No projeto das reformas de base, nada havia de comunismo. Mas este foi o fantasma levantado para angariar o apoio popular e lançar uma campanha de orações por todo o país, com o apoio de setores das Igrejas Católica e Evangélica, pedindo proteção contra a ameaça vermelha.

Discordou do regime, era comunista e vítima de perseguição. Militava ou apoiava alguma organização política de oposição, estava sujeito à prisão legal ou ilegal, às torturas nas casas da morte clandestinas ou mesmo nos porões da repressão oficial.

A tortura existe desde tempos imemoriais como método de combate aos inimigos ou adversários. Mas, com o tempo, foi se sofisticando para não deixar marcas físicas que pudessem comprovar sua aplicação. Tornou-se “tortura científica”. De modo que, não passa de deboche e vilipêndio a afirmação do presidente Bolsonaro de que aguarda um exame de raios-x da mandíbula da ex-presidente Dilma Rousseff para comprovar a fratura decorrente da tortura.

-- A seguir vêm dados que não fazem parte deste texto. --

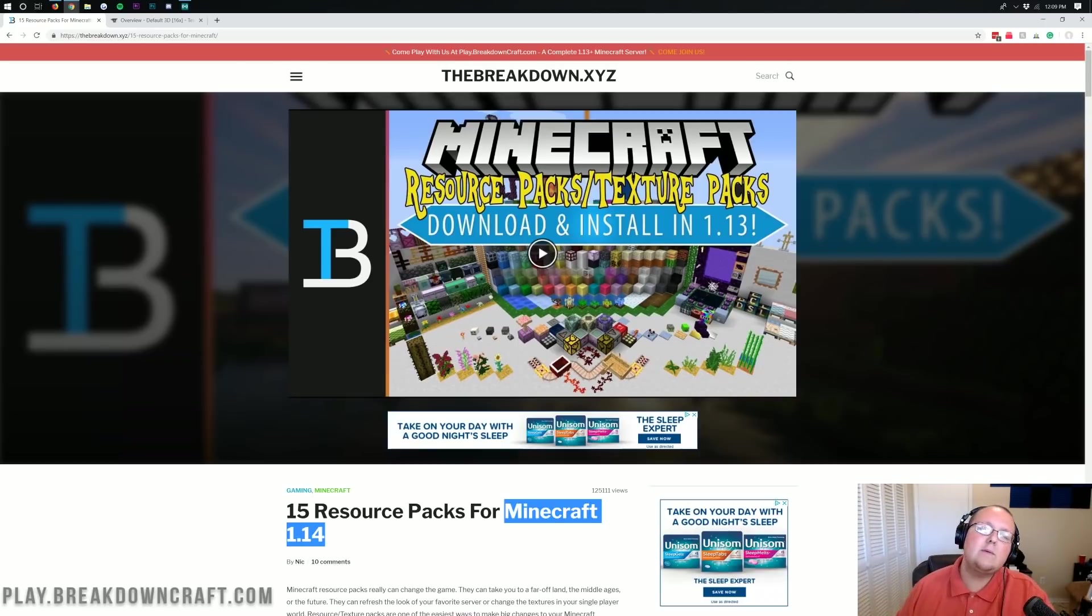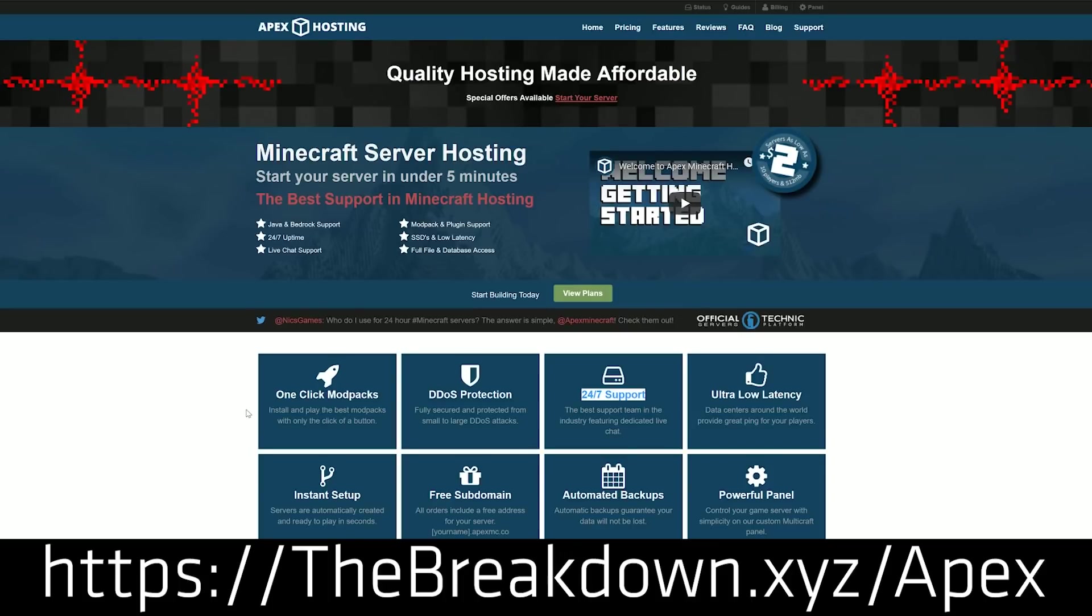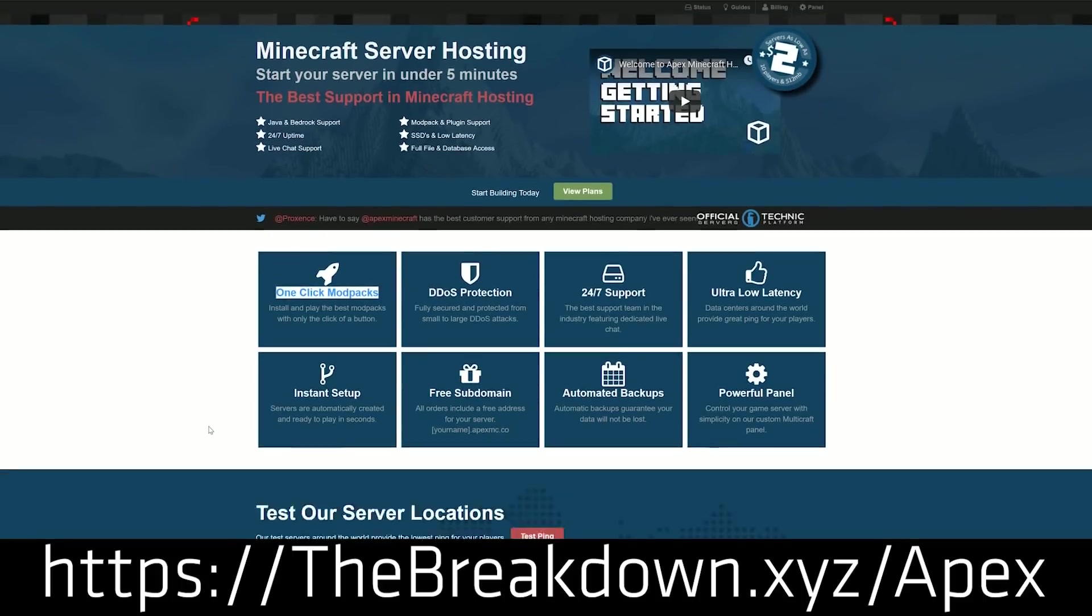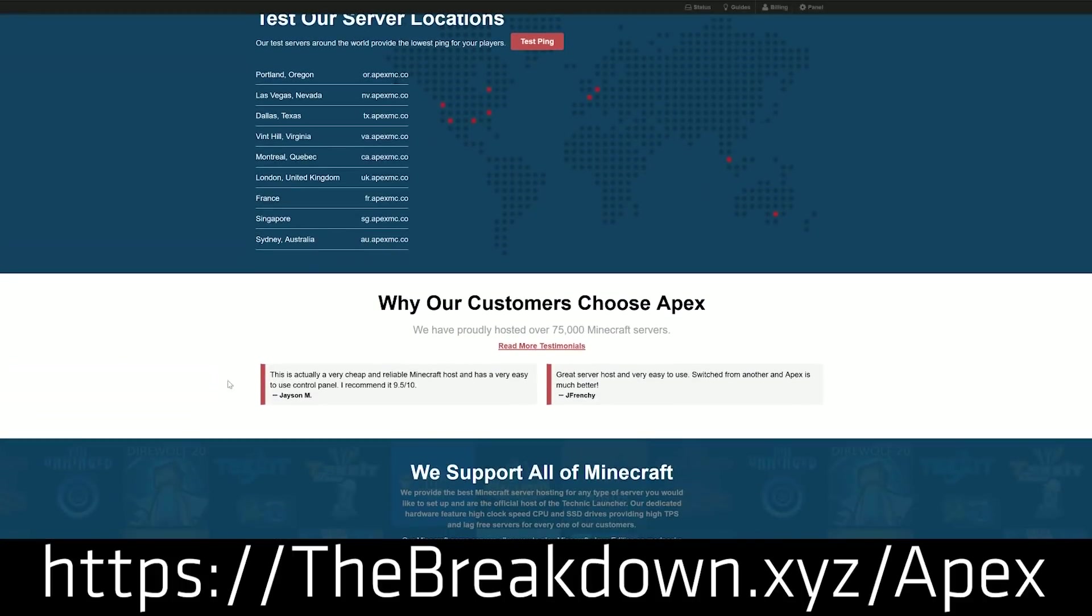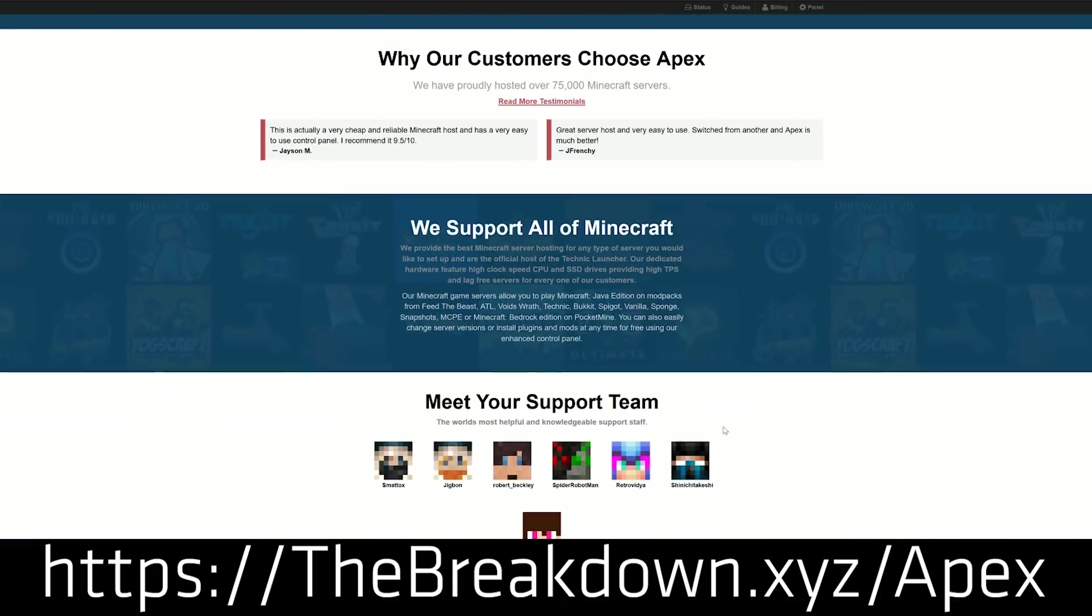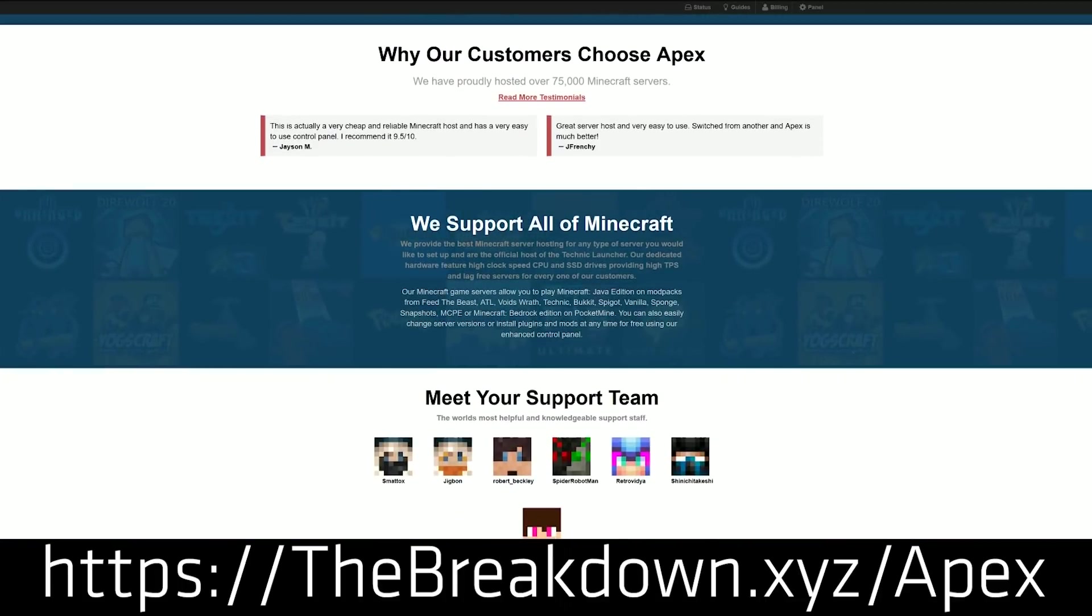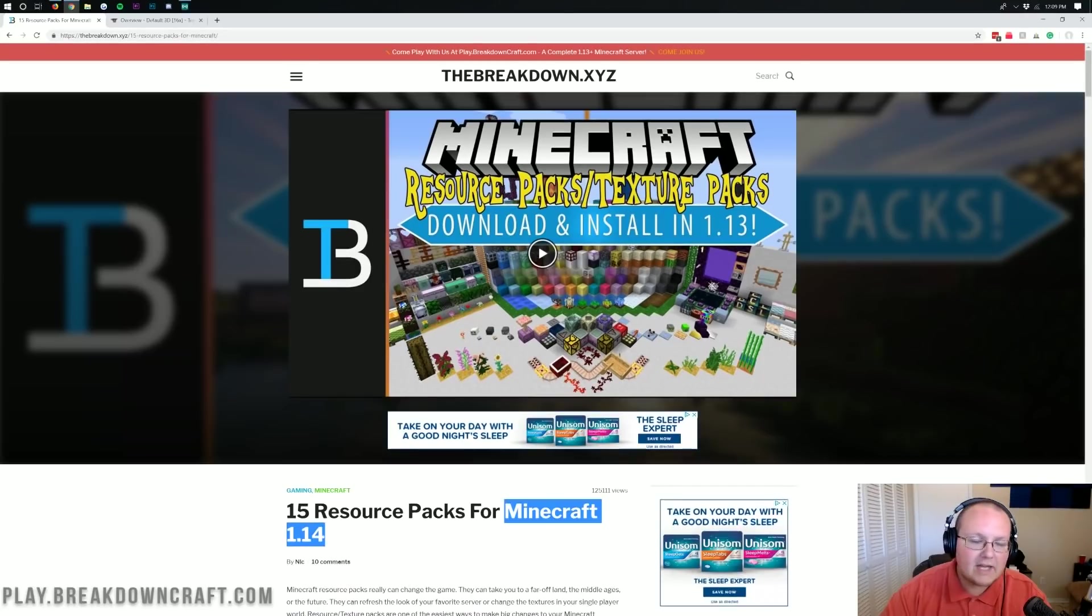First and foremost though we do have a message from our sponsor which is Apex Minecraft Hosting. Go to the first link down below the breakdown.xyz slash Apex to get an awesome 24 hour DDoS protected Minecraft server running Minecraft 1.14, running any mod pack you want, running Minecraft plugins, anything you want to do with a Minecraft server you can do it over on Apex Minecraft Hosting. We actually like Apex so much that we host our own server on them, play.breakdowncraft.com. So if you want an incredible 24 hour DDoS protected server Apex is the place to go.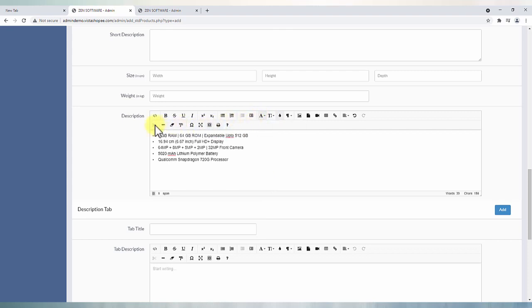Product size and weight related information can be added separately.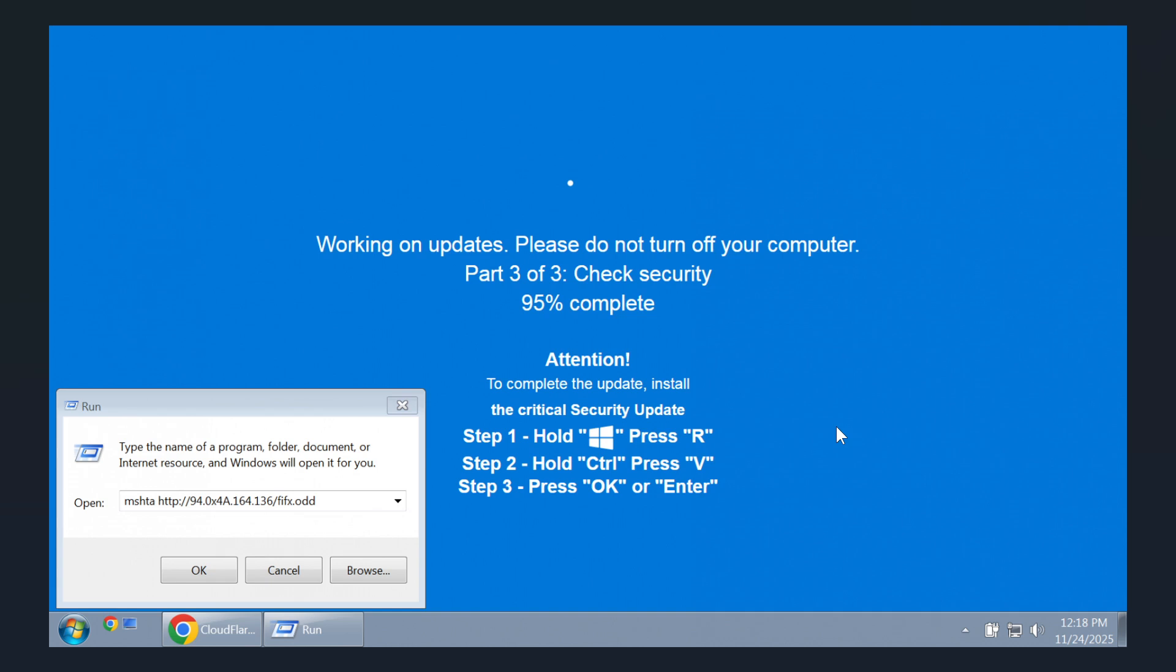So rather than simply appending malicious data to a file, the malicious code is encoded directly within the pixel data of PNG images relying on specific color channels to reconstruct and decrypt the payload in memory, according to researchers.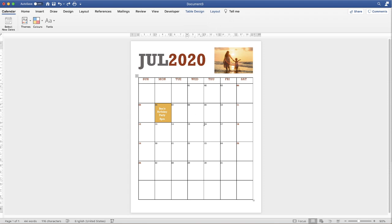In today's Microsoft Word tutorial, I'm going to show you how to edit and format a template calendar in Word. Let's get started.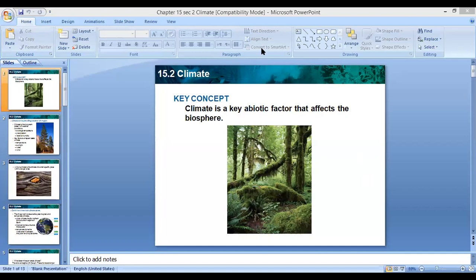As we learned today, the difference between climate and weather: weather is day-to-day temperature, precipitation, and wind conditions. But climate is a biotic factor in the biosphere — it's a long-term pattern of weather, which includes average temperature, humidity, and precipitation amount.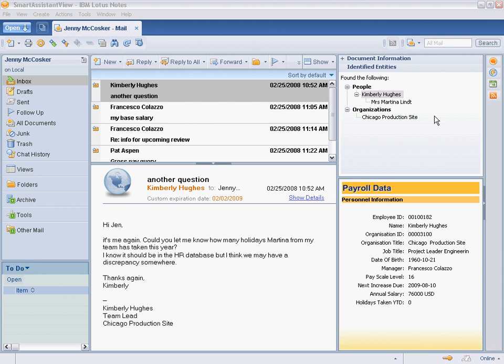In the upper right, we see a Java client component that incorporates IBM languageware technology and displays organizational structure data. In the lower right, we see another Java client component that displays payroll data from the company's ERP system.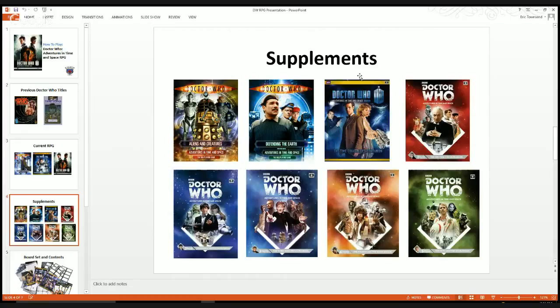The next supplement was the Time Traveler's Companion, which went out with the Matt Smith edition. It includes a lot of previously published information plus more on how to build a TARDIS and customize your game — whether you want to play the Doctor, your own Time Lord creation, or whatever you want. The Time Traveler's Companion isn't really a necessary book, but it is interesting. The one warning is that it does repeat a lot of previously published information.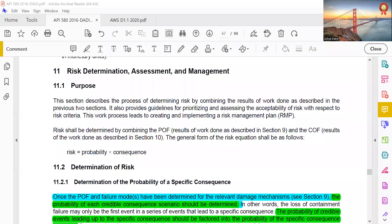Good morning friends, we'll start page 580 again. I think I'll complete it today. The topic is risk determination, assessment, and management.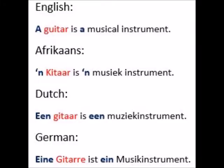This leads me on to point number 2: the fact that the West Germanic Languages are very closely related to each other. We can see the similarities in all of these West Germanic Languages. In English, a guitar is a musical instrument, but in Afrikaans, a guitar is a music instrument. In Dutch, a guitar is a music instrument. And in German, a guitar is a music instrument.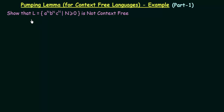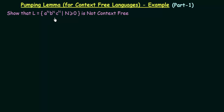Here we have an example language given: L equal to a^n, b^n, c^n, where n is greater than or equal to zero. The meaning of this language is that we can have symbols of the form a, b, c, and the number of a's should be equal to the number of b's, which also should be equal to the number of c's. Our task is to show that this language is not context-free, and we will do this using Pumping Lemma for Context-Free Languages.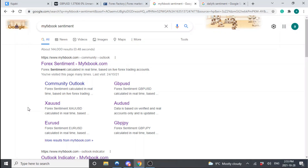Ladies and gentlemen, we're back at it again bringing you a brand new video. In this video we're going to be talking about public sentiment. What is public sentiment? Should you be using it? Should you not be using it? Will it increase my trading results? We're going to dive into that because I looked at all my trades and was comparing — if I know where the public money is, I should be taking the opposite side of their trade, because we all know 90% of traders lose money.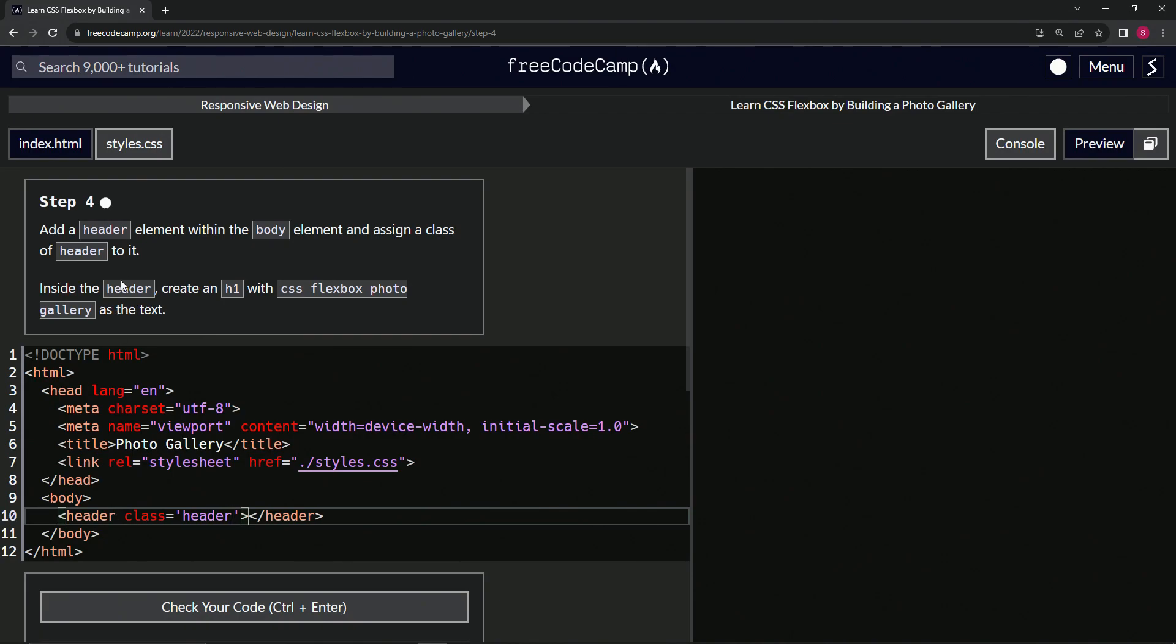And so inside the header, we're going to create an H1 with CSS Flexbox photos, photo gallery as the text.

Capitão reformado do Exército (1973-1988), Bolsonaro sabe muito bem que as corporações militares não faziam exames para analisar os efeitos de suas torturas, as sequelas deixadas nos corpos dos que escaparam. Se bem que as principais marcas ficaram foi na alma. O torturador mais famoso e temido, Sérgio Paranhos Fleury, delegado do Dops de São Paulo, que chegou a ser convocado para prestar “serviços” em todo o país, disse para uma de suas vítimas mais famosas, Frei Tito: “Nós vamos te quebrar por dentro”.  Dito e feito. O frade escapou fisicamente, mas não conseguiu viver com as lembranças terríveis da “sucursal do inferno”, e cometeu suicídio.

Quarenta e cinco mulheres constam da lista de mortos e desaparecidos elaborada pela Comissão Nacional da Verdade. Centenas foram vítimas das torturas. Vinte e sete têm seus depoimentos registrados na publicação LUTA, SUBSTANTIVO FEMININO, editada pela Secretaria Especial de Políticas para as Mulheres da Secretaria Especial de Direitos Humanos, Editora Caros Amigos, São Paulo, 2010. Elas não apresentam raios-x, mas seu testemunho confirmado por companheiras/os presos na mesma época e, em alguns casos, até por torturadores que deram seu depoimento para a Comissão da Verdade, assumiram o crime e disseram que fariam tudo de novo. Outros dizem que o erro foi não eliminar todos os presos políticos.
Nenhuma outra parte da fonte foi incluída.